I am trying to assess structure of a Fourier transform generated by a thin lens. I am using scalar diffraction theory and Fresnel approximation such that input $$U(x,y)$$ transparency located at the front focal point of a thin lens generates an FT-image of $$U(x,y) \rightarrow u(x,y)$$ in the back focal point:

$$u(x, y) = \int dx \; dy \;U(x,y) \;exp\big(-\frac{ik}{f}(xu+yv)\big)$$

My confusion is coming from trying to assess the patterns of the optical Fourier transform given a finite size of the smallest significant feature of the input transparency. It is obvious how to derive the spatial frequency as a function of an image features:

$$\nu_x = \frac{\partial \phi_x}{\partial x} = -\frac{u}{\lambda f}$$

where $$f$$ is focal distance of the lens and $$\lambda$$ is the wavelength of light. However, this suggests that $$\nu_x$$ is proportional to $$u$$ - feature size, which is in opposition to what I have previously learned, that max spatial frequency corresponds to min feature size such as $$\nu_x \sim 1/u$$.

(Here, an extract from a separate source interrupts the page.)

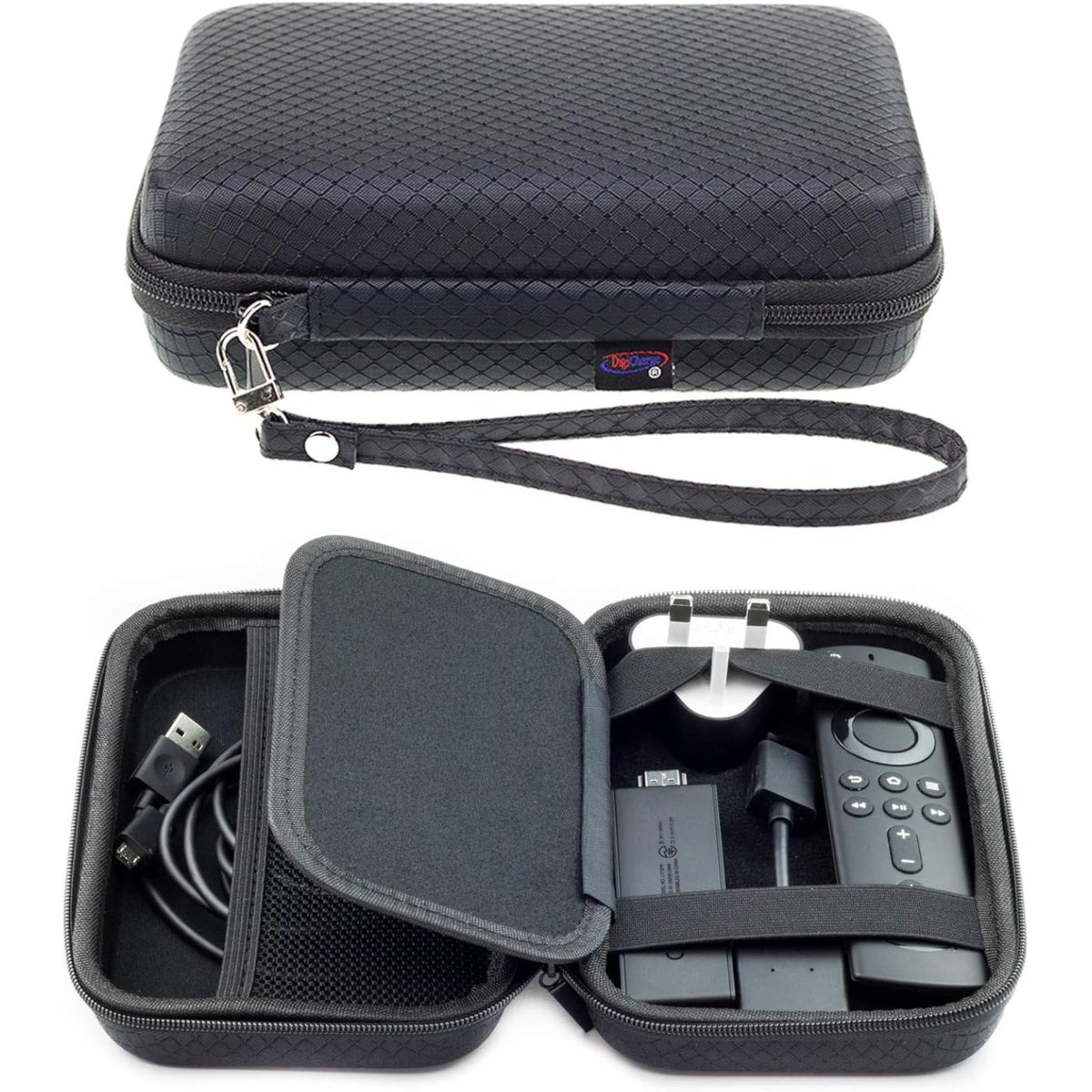 DigiCharge hard carry case exterior protects Fire TV Stick 4K during travel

Also, this doesn't make it clearer what would be the physical size of the Fourier domain given the min and max dimensions of the features of the input transparency.

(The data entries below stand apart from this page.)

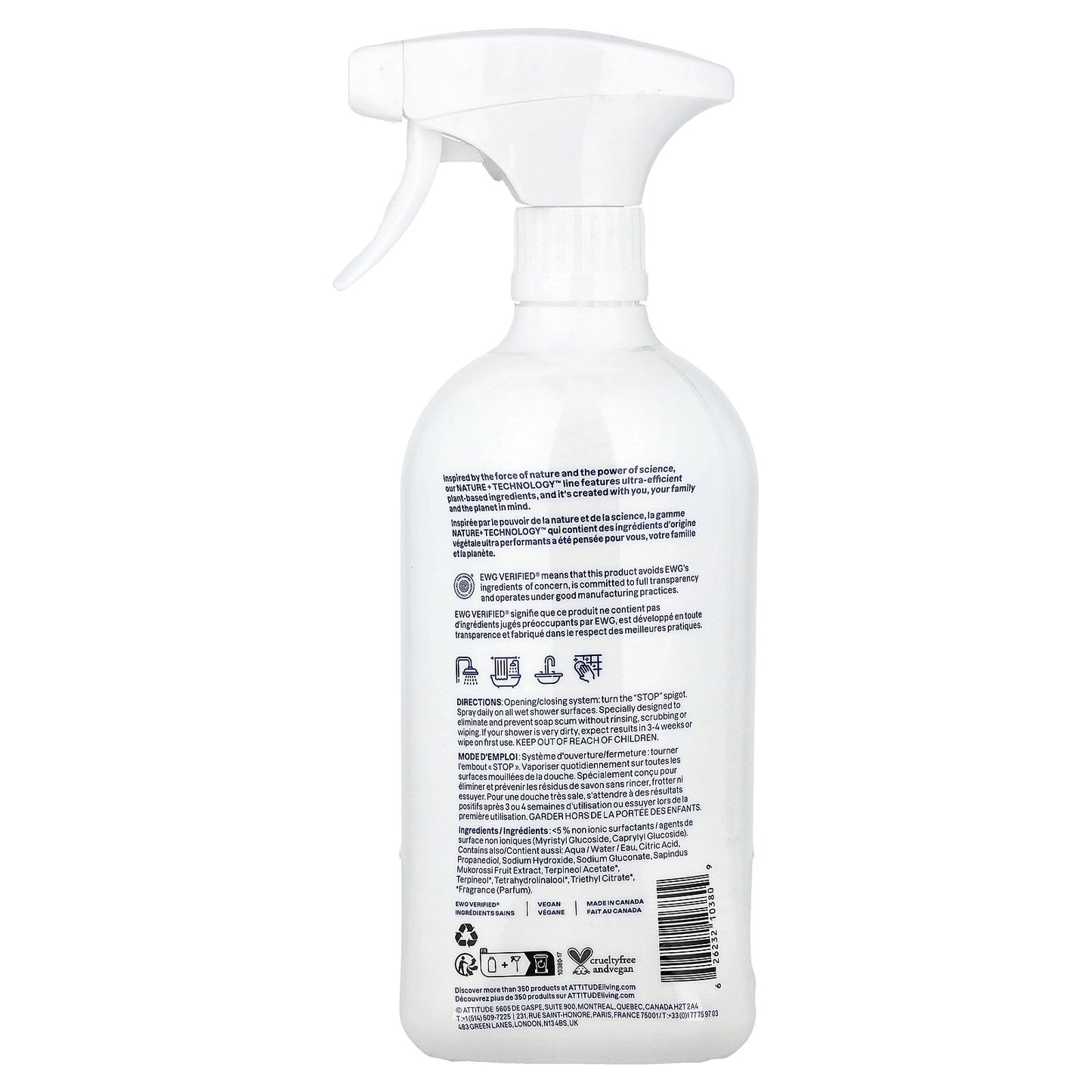 ATTITUDE, Nature + Technology™, Daily Shower & Tile Cleaner, Citrus Zest, 27.1 fl oz (800 ml)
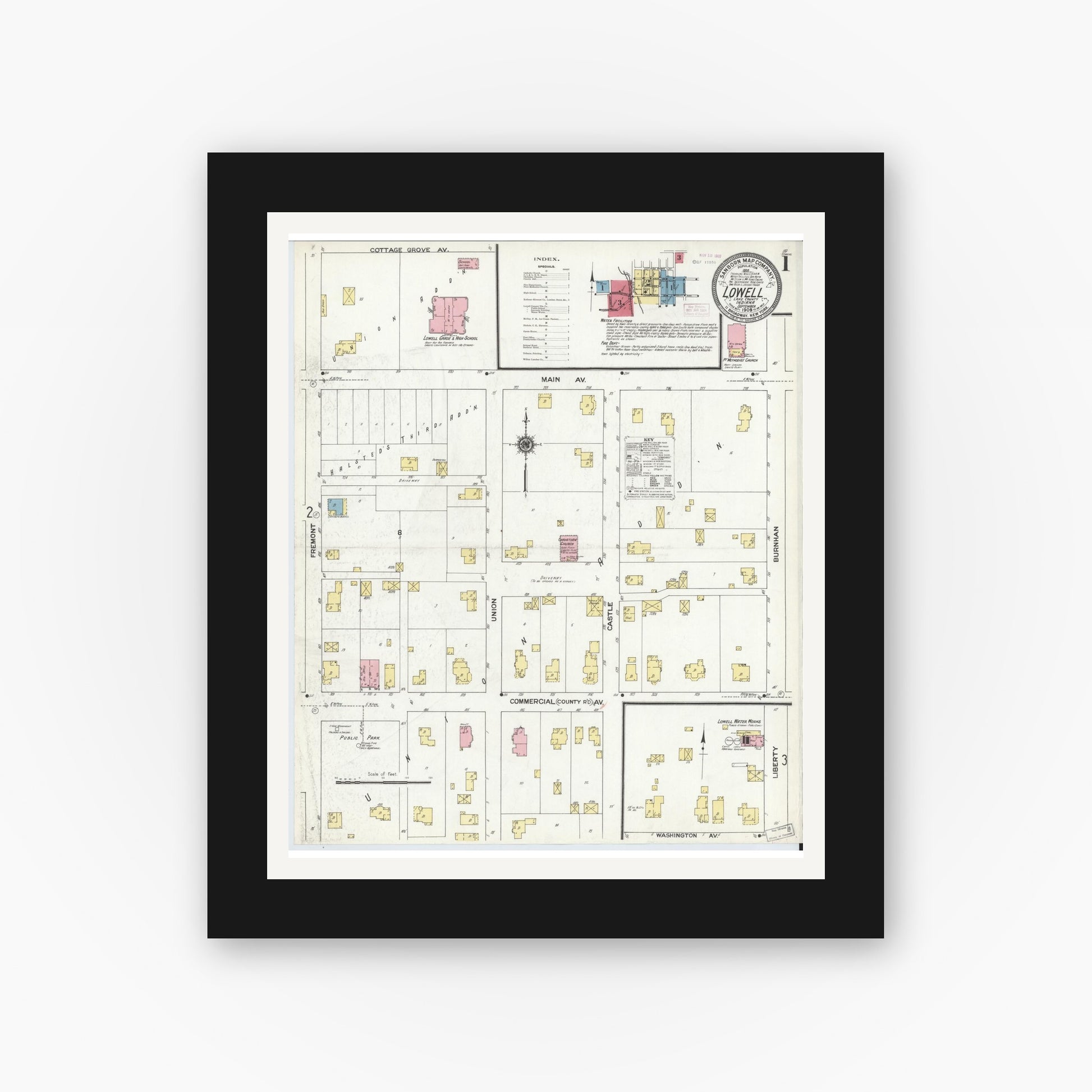 Old map wall art mockup — black gallery frame with white mat — Sanborn Fire Insurance Map from Lowell, Lake County, Indiana (1909) - Complete Map Set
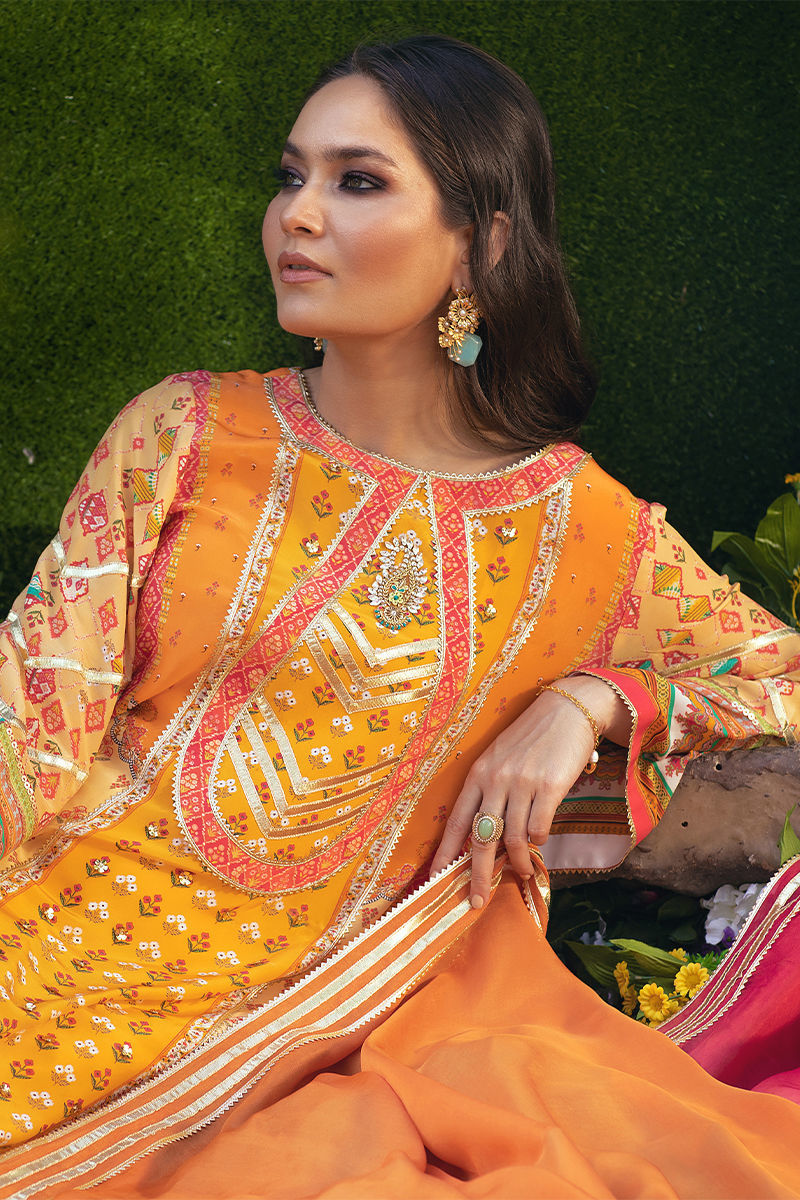 Zoona - Saffron Shirt And Dupatta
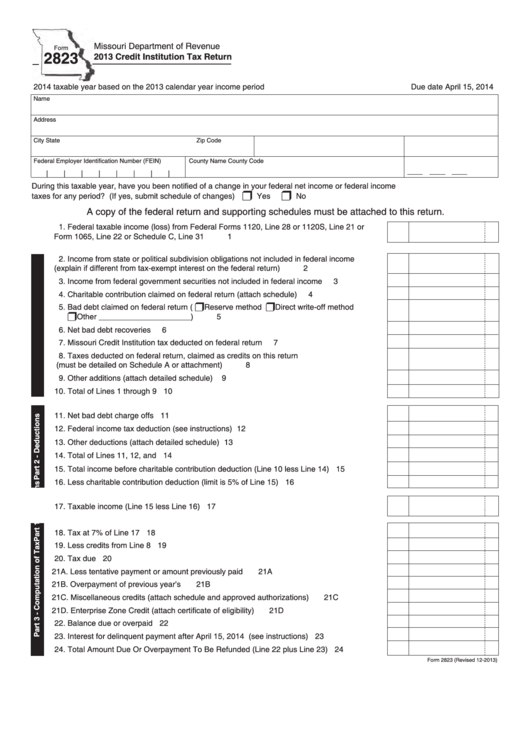 Fillable Form 2823 - Credit Institution Tax Return Printable pdf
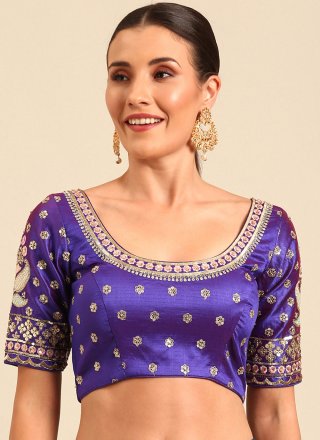 Purple Net Stiched Blouse With Boat Neck – TheDesignerSaree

$$u$$ is not a feature size. It is a spatial coordinate. You can map spatial frequencies of the transparency to spatial coordinates in the focal plane, as you wrote $$\nu_x = -\frac{u}{\lambda f}$$. This way, if you want to cut off a specific spatial frequency range in the transparency, you know exactly how large make a aperture to do low-pass spatial filtering.
It is hard to be precise about the min and max spatial frequencies of the transparency. It really depends on the content of the transparency itself. If it has abrupt changes in transmittance, then its spectrum will contain high spatial frequencies. However, the lens itself has a cutoff frequency, which is $$\nu_0 = \frac{D}{2 \lambda f}$$. The lens will pass frequencies up to $$2\times \nu_0$$, although they will be attenuated according to the lens's optical transfer function. There are common textbooks in Fourier optics that explain this in detail, like Goodman and Gaskill.